(Stored dataset items)
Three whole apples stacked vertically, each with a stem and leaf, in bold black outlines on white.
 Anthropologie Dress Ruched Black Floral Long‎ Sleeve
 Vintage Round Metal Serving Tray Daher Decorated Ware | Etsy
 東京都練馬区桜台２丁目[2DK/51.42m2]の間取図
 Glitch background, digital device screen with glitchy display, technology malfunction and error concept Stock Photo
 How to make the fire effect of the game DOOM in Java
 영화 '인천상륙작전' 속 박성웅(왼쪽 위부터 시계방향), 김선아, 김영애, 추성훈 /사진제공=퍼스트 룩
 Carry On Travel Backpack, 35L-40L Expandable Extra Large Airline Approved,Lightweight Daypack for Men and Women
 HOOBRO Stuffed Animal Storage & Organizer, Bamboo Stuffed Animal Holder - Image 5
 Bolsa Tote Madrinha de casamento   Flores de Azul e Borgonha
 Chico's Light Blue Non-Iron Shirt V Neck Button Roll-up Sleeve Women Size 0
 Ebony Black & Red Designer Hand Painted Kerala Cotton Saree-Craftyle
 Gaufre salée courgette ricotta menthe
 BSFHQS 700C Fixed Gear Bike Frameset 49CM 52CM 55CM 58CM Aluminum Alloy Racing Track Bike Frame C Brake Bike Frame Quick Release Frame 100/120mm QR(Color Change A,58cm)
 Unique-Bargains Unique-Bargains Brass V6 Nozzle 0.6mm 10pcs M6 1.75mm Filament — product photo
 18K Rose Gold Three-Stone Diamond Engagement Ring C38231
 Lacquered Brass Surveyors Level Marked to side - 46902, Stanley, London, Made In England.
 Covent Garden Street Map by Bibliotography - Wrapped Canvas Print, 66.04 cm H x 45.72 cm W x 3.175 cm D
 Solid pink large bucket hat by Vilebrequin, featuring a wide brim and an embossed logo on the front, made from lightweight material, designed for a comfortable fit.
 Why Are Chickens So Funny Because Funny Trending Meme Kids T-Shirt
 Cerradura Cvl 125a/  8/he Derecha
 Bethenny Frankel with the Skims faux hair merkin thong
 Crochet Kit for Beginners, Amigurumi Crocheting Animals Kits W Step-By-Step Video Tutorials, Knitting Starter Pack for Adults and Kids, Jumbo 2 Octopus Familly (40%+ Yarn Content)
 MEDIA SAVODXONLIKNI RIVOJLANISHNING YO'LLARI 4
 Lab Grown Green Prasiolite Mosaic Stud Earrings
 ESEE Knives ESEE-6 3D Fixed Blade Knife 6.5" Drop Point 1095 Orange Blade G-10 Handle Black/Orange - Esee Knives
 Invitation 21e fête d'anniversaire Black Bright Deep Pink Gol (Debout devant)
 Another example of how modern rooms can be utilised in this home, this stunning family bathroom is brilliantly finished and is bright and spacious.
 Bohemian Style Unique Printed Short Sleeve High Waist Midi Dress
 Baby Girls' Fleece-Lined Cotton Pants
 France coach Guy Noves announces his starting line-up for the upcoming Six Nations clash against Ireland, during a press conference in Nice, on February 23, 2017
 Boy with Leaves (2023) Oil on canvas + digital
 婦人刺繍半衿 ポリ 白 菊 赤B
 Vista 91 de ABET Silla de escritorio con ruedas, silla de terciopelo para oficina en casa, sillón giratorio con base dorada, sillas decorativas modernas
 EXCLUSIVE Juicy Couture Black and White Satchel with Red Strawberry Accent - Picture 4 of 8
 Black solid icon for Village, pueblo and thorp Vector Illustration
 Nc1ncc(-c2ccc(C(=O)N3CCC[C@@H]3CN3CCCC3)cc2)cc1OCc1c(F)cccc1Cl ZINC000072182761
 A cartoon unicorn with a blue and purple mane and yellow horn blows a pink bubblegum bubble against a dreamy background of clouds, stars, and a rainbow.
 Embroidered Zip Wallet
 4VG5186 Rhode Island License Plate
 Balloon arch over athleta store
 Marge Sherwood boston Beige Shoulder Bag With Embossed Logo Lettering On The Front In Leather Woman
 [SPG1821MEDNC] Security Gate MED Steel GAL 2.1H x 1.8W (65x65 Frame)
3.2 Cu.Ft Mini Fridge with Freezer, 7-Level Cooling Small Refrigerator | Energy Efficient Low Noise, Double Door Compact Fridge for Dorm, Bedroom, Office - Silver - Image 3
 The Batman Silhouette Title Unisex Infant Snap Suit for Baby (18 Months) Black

Work required: List every line in the records above that contains the word "Women".

Problem solution:
 Carry On Travel Backpack, 35L-40L Expandable Extra Large Airline Approved,Lightweight Daypack for Men and Women
 Chico's Light Blue Non-Iron Shirt V Neck Button Roll-up Sleeve Women Size 0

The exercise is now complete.